Despite his successes after more than a year in operation, Ervin and his group are never far from the sad reminders of the urgent problem they are trying to combat.

“One of my program students was killed in September – a good father of two,” Ervin said. “I had just texted him not long before it happened. He’d had to miss a couple of classes because he was working clean-up jobs.”

It’s the kind of loss that brought Ervin and others together for a candlelight vigil last Friday, plus hundreds more for events across the city – all part of the weekend’s grassroots Baltimore Ceasefire.

“Nobody kill anybody” is the simple message of this Ceasefire, the same as the previous Ceasefire that was held in August.

Giving Thanks for Relative Peace

The 72-hour event included a film presentation, a barbecue, a candlelight vigil, a “human chain” down Edmondson Avenue, a poetry slam, a basketball tournament and more.

Bright orange Ceasefire signs were plastered on shop windows, social media sites and vacant boarded-up houses across the city.

Two locations were chosen to bridge the gulf between Baltimore communities whose experience of violence varies widely.

A resource fair at Irvin Luckman Memorial Park, part of Baltimore Ceasefire. (Evan Serpick)

A resource fair at Irvin Luckman Memorial Park was part of the weekend’s Baltimore Ceasefire. (Evan Serpick)

Ervin’s group, whose students primarily come from Sandtown in West Baltimore, joined with the Mount Washington Improvement Association for a candlelight vigil at a church on Pimlico Road on Friday.
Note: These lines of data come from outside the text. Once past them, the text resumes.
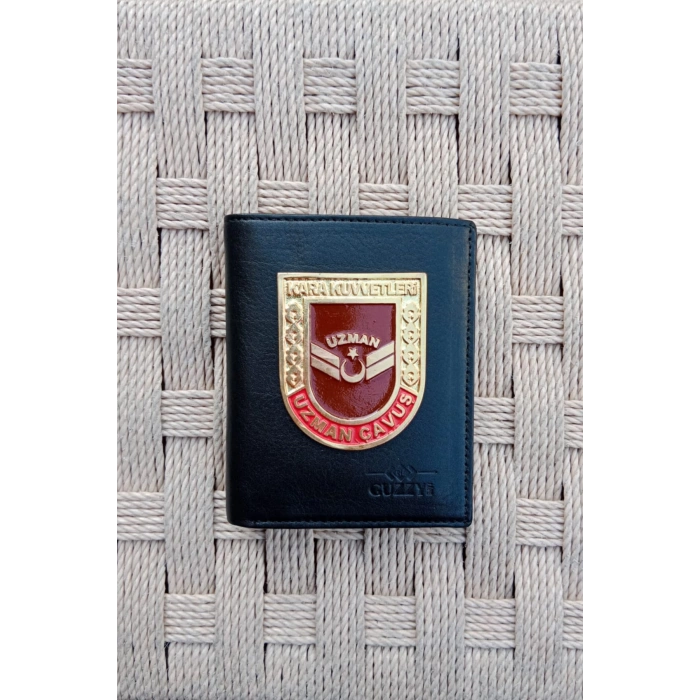 kara kuvvetleri uzman cavus amblemli ozel tasarim hakiki deri rozetli cuzdan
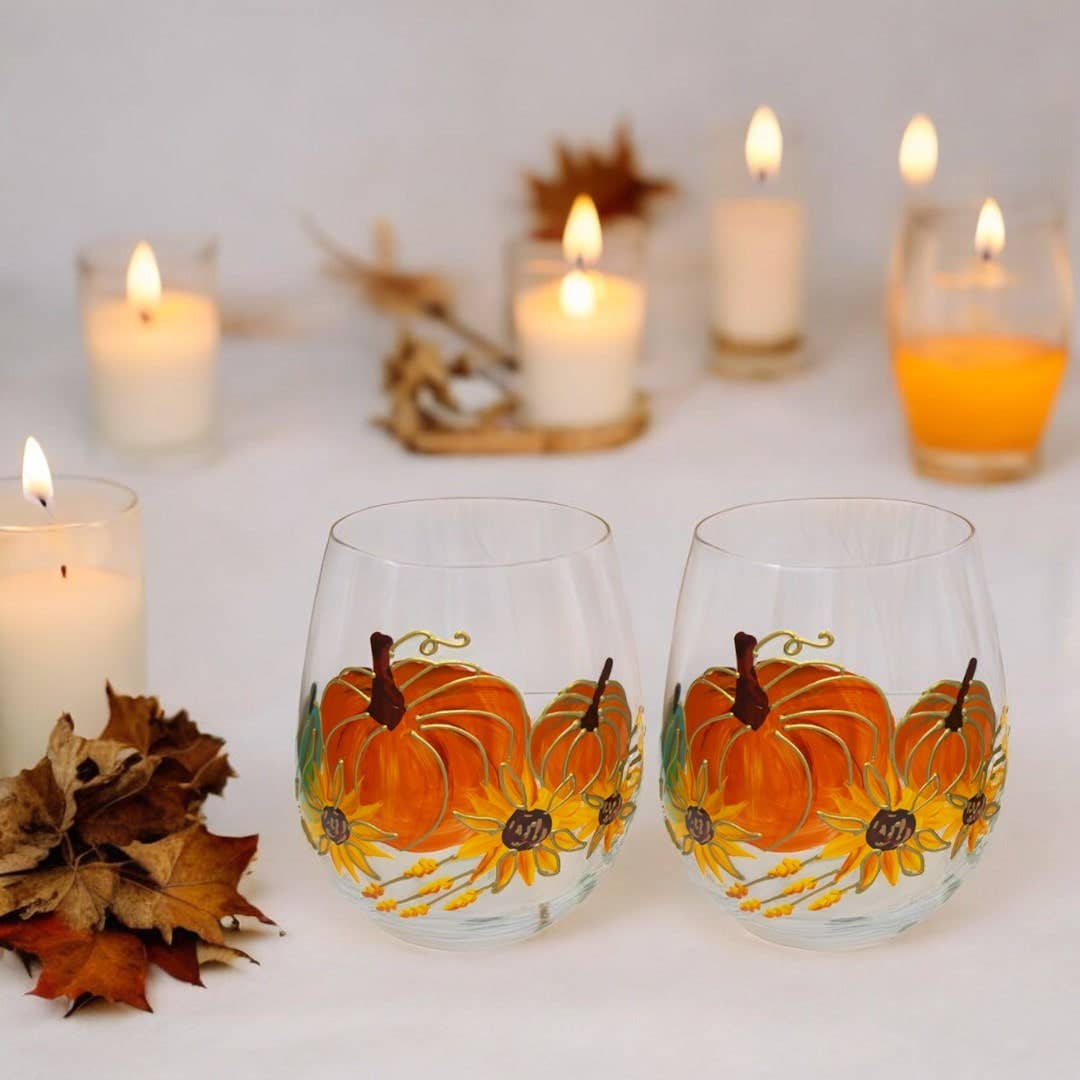 Jersey Art Glass - Wholesale Wine Glass - Painted Pumpkin Stemless Glass (Set of 2)2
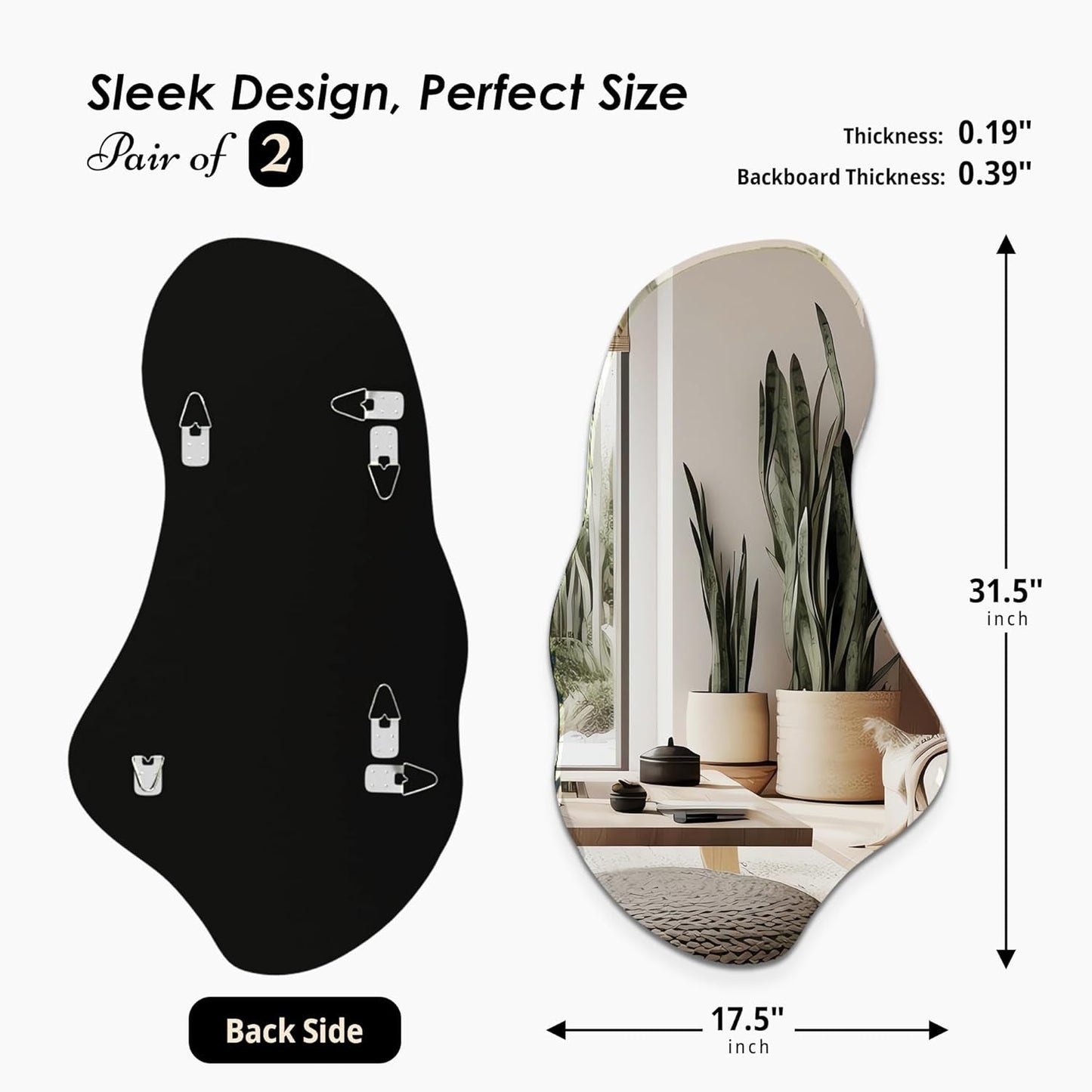 Set of 2 Irregular Wall Mirrors, 31.5 X 17.5, Asymmetrical Curved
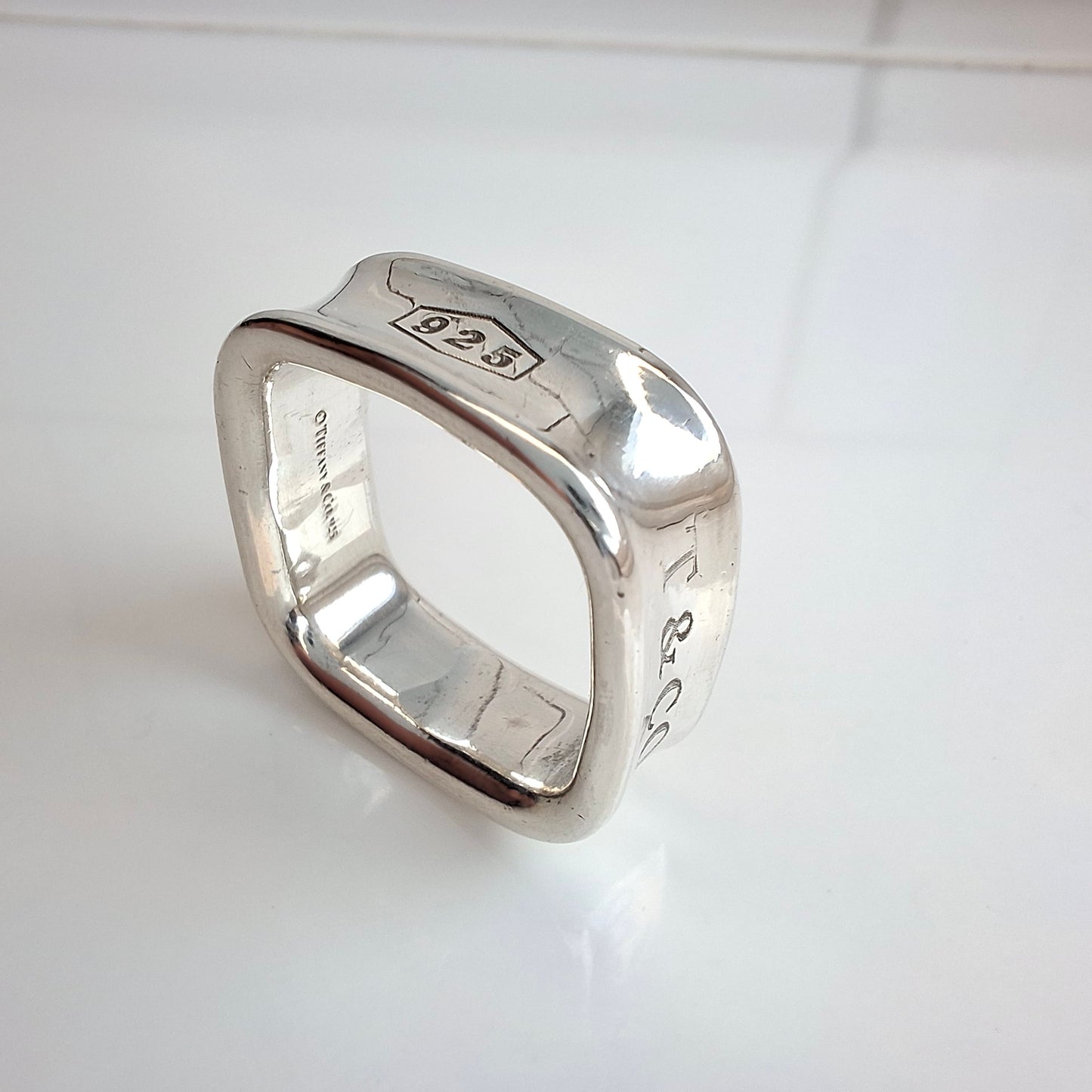 Vintage Tiffany & Co. 1837 Square Sterling Silver Ring with Box and Pouch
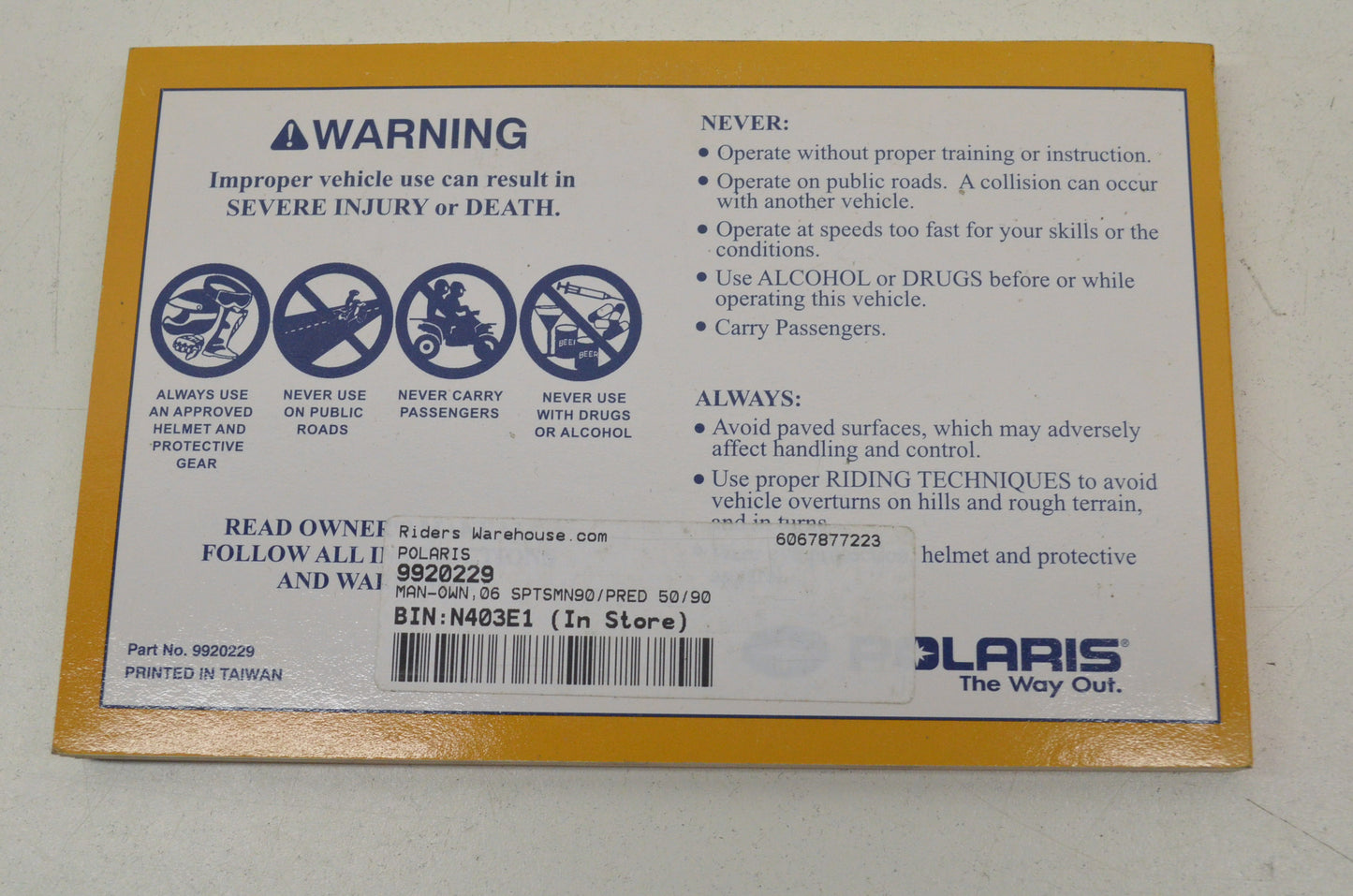 OEM Polaris 9920229 Owner's Manual 06 Sportsman 90/PRED 50/90 NOS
There was a resource fair and potluck at a Mount Washington Park on Sunday.

Ceasefire began with a terrible milestone for a city already reeling from a record-setting year of violence – the 300th homicide occurred last Thursday.

And on the second day of the truce, Anthony Mason Jr., 40, an off-duty Washington, D.C., police officer, was shot and killed in the Panway/Braddish neighborhood.

Volunteers passed out 20,000 fliers and 2,000 posters to alert the public to the latest Baltimore Ceasefire.

Volunteers passed out 20,000 fliers and 2,000 posters to alert the public to the latest Baltimore Ceasefire.

Considering that homicides have been piling up on almost a daily basis in Baltimore and some weekends have ended with multiple killings, the organizers both mourned Mason and gave thanks for the relative peace.

“Many people kept their word to accept the #BaltimorePeaceChallenge this weekend,” said Erricka Bridgeford, one of the Ceasefire organizers, writing on Facebook. “If they had not, we would have seen more murder. Baltimore is DOPE & POWERFUL! Period.”

“In a time where the homicide rate looks like a red ocean, we added enough blue drops of REAL WORK to experience a purple ocean,” Bridgeford wrote.

She and others went to the spot where Mason was killed in the 2800 block of Elgin Street, burning sage and mourning his passing.